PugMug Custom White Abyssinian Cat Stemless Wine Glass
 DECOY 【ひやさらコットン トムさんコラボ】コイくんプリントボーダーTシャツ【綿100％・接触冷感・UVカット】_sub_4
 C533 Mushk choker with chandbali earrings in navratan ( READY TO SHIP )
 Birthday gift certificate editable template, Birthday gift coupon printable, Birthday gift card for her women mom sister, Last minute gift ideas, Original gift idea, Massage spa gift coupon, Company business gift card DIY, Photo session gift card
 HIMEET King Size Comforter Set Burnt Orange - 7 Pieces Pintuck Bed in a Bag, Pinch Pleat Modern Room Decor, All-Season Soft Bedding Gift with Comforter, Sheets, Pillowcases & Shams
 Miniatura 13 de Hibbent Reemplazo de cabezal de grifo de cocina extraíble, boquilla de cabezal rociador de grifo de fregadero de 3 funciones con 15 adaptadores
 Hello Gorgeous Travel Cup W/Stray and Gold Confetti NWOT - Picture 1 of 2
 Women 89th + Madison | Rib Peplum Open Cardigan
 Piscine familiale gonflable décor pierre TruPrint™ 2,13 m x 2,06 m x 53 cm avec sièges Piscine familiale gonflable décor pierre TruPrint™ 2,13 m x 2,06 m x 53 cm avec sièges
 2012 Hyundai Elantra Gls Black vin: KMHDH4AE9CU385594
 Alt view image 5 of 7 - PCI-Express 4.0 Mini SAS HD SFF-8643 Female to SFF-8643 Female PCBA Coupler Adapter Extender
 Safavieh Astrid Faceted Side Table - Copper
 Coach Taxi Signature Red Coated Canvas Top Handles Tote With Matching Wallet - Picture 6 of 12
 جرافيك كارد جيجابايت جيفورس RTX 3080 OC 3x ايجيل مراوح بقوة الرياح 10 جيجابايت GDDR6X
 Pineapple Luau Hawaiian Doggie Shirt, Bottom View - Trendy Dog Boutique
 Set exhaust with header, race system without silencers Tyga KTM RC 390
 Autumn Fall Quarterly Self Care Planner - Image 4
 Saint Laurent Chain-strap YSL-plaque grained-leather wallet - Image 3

» TASK TO CARRY OUT: What should appear is an exact copy of the lines from the one with "avec sièges Piscine" through the end of the entries above, ends included, and no other text.

» TASK ANSWER:
 Piscine familiale gonflable décor pierre TruPrint™ 2,13 m x 2,06 m x 53 cm avec sièges Piscine familiale gonflable décor pierre TruPrint™ 2,13 m x 2,06 m x 53 cm avec sièges
 2012 Hyundai Elantra Gls Black vin: KMHDH4AE9CU385594
 Alt view image 5 of 7 - PCI-Express 4.0 Mini SAS HD SFF-8643 Female to SFF-8643 Female PCBA Coupler Adapter Extender
 Safavieh Astrid Faceted Side Table - Copper
 Coach Taxi Signature Red Coated Canvas Top Handles Tote With Matching Wallet - Picture 6 of 12
 جرافيك كارد جيجابايت جيفورس RTX 3080 OC 3x ايجيل مراوح بقوة الرياح 10 جيجابايت GDDR6X
 Pineapple Luau Hawaiian Doggie Shirt, Bottom View - Trendy Dog Boutique
 Set exhaust with header, race system without silencers Tyga KTM RC 390
 Autumn Fall Quarterly Self Care Planner - Image 4
 Saint Laurent Chain-strap YSL-plaque grained-leather wallet - Image 3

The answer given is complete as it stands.